Chantal Thomass, un chant fatal ?
A en croire Gonzague Saint Bris, la lingerie féminine serait apparue grâce à Agnès Sorel, maîtresse du roi de France. Aimée puis rejetée, adulée à nouveau, elle est, de nos jours, la spécialité de la styliste Chantal Thomass. Echange au cœur d’un boudoir parisien…
Madame Thomass, quel est le rapport entre vous, prêtresse des dessous, et l’écrivain Gonzague Saint Bris ?
Nous avons été réunis autour d’un livre ou, plus exactement, d’un recueil de nouvelles, Plumes & Dentelles. Il s’agissait d’un projet pour lequel j’ai sollicité plusieurs auteurs, hommes ou femmes. Gonzague, comme ses confrères, a été invité à composer un texte à partir de l’une de mes parures.

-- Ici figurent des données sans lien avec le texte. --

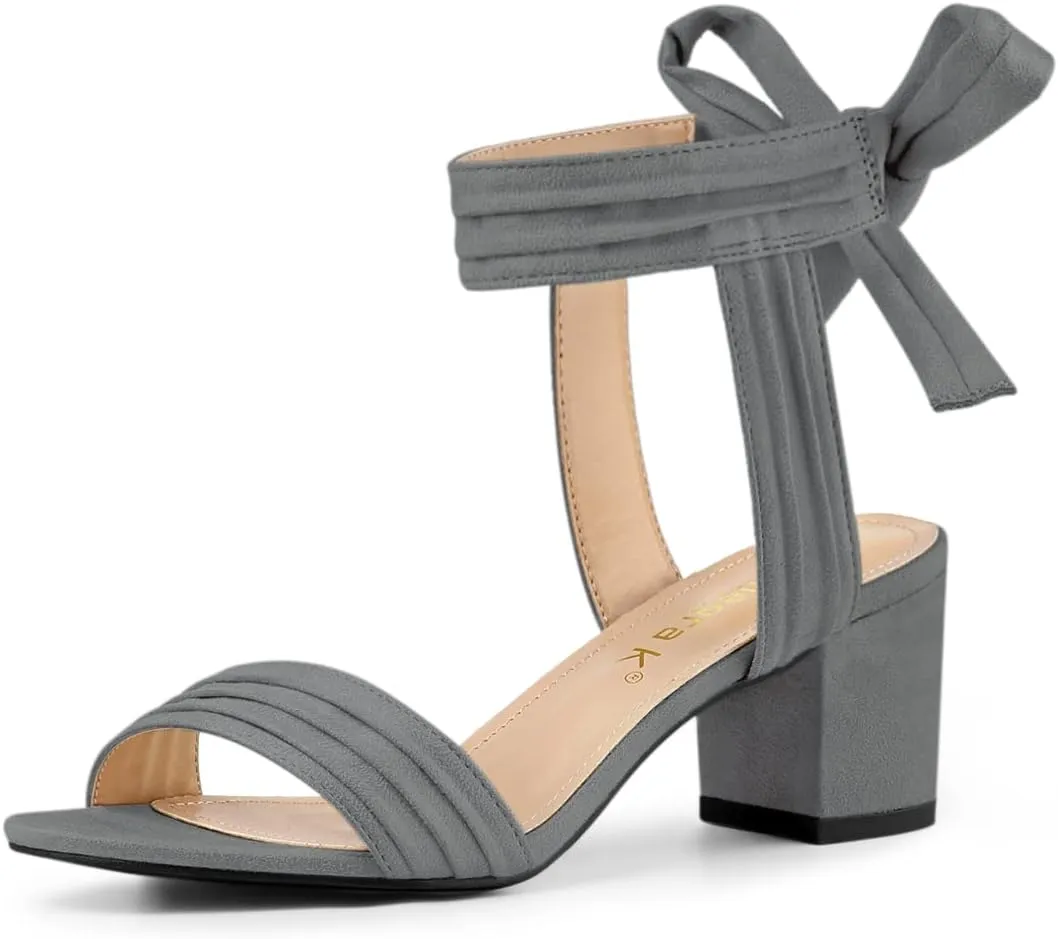 Allegra K Women Open Toe Ankle Tie Back Chunky Heel Sandals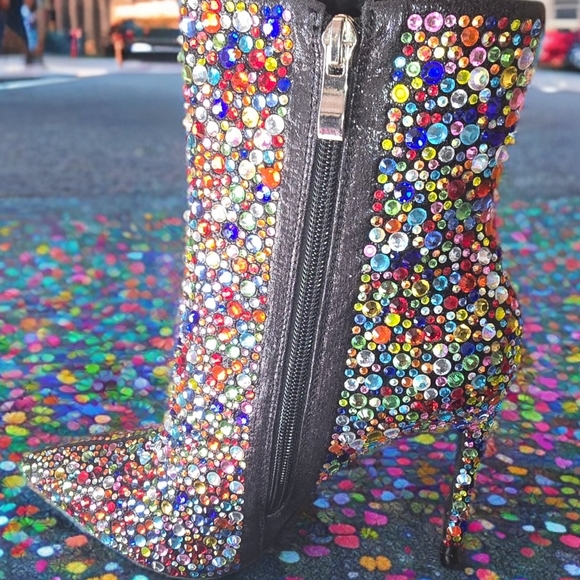 Sparkling Multicolor Rhinestone Ankle Boots - Picture 2 of 2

Le résultat a-t ’il répondu à vos attentes ?
Oui, bien sûr mais les écritures féminines sont parfois surprenantes car la lingerie, dans ces récits, est surtout conçue comme accessoire de séduction et non pas pour ce qu’elle est vraiment : un vêtement qui embellit la femme et qu’elle devrait s’approprier aussi pour son propre plaisir. Porter un dessous élégant change l’attitude, on ne marche pas de la même façon car on se sent bien. Une femme doit être sexy, pas forcément pour séduire, mais pour elle-même.
Comment vous vient votre inspiration ?
Je trouve souvent un détail dans les magazines anciens ou un tissu aux Puces. Les corsets du XVIIIème me parlent aussi. Mais un roman romantique peut m’inspirer également, des films comme The Artist ou Pretty Woman, des expositions : celle de Jean-Paul Goude dernièrement aux Arts Déco (1) ou celles proposée, l’an dernier, sur Casanova par la BNF (2) et sur Madame Grès par le musée Bourdelle. En fait, j’emmagasine des images dans mon subconscient et, à un moment, elles ressortent. J’ai toujours un œil qui traîne. De temps en temps, je vois un détail qui me plaît et qui reste gravé…
Pour porter votre lingerie avez-vous des égéries ?
J’aime plusieurs styles de beauté : Monica Bellucci, Lauren Bacall, Ava Gardner, Marion Cotillard, Dita Von Teese. Les modèles doivent surtout « avoir l’âme glamour ».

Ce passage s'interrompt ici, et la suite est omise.